Cette information a été confirmée par l’entourage de M. Arnault à RTL. D’après ces proches, l’objectif de l’homme d’affaires, âgé de 63 ans, serait uniquement «d'assurer la pérennité et l'intégrité de son groupe en cas de décès accidentel ». Cela empêcherait notamment ses enfants de revendre leurs parts avant un délai qui court jusqu’en 2023.

Les fondations privées belges sont fiscalement très favorables: elles permettent d'effectuer des donations à ses enfants, taxées à seulement 3 %, relève le quotidien.

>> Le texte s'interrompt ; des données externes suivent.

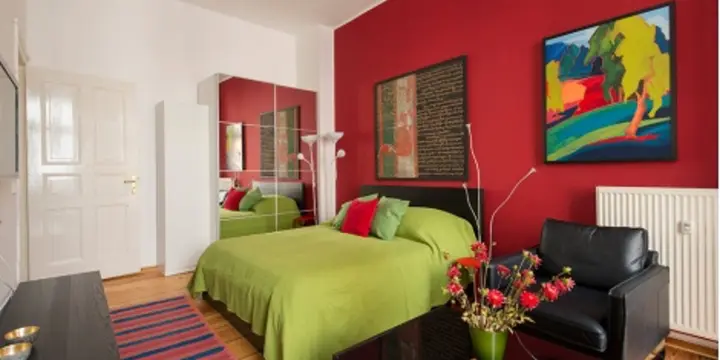 Möbliertes Apartment, sicherer Parkplatz, Stadtzentrum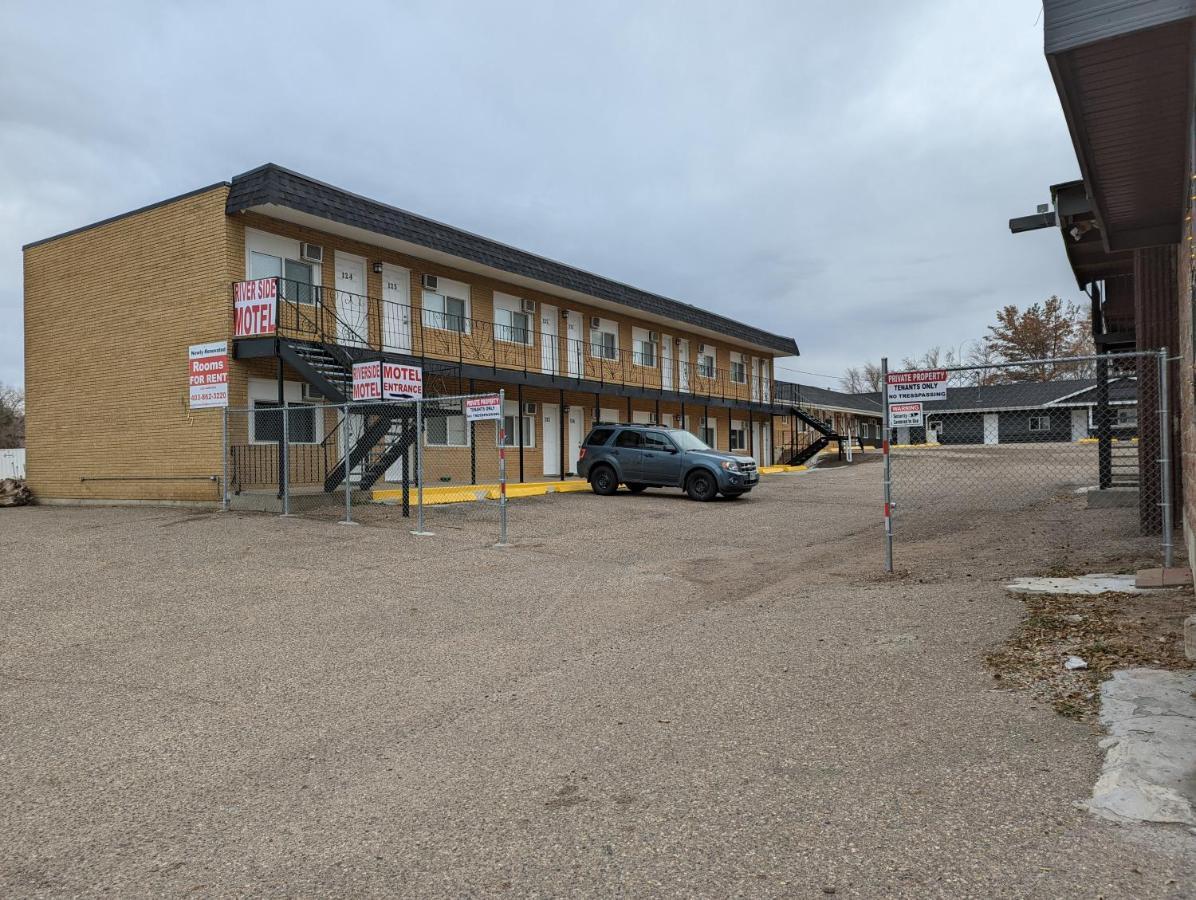 Riverside Motel Medicine Hat Bagian luar foto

Mais pour en bénéficier, il faudrait que Bernard Arnault et ses enfants soient résidents fiscaux belges. Or, le milliardaire, même s’il a demandé la nationalité belge, a assuré en septembre qu'il resterait résident fiscal français. Pour Libération, la demande de naturalisation, toujours en cours d’instruction, aurait pour but «sécuriser juridiquement sa fondation, au cas où elle serait contestée par l'un de ses enfants devant la justice française».

Vers 14h15, l’action LVMH gagne 1% à la Bourse de Paris sur un marché quasi stable.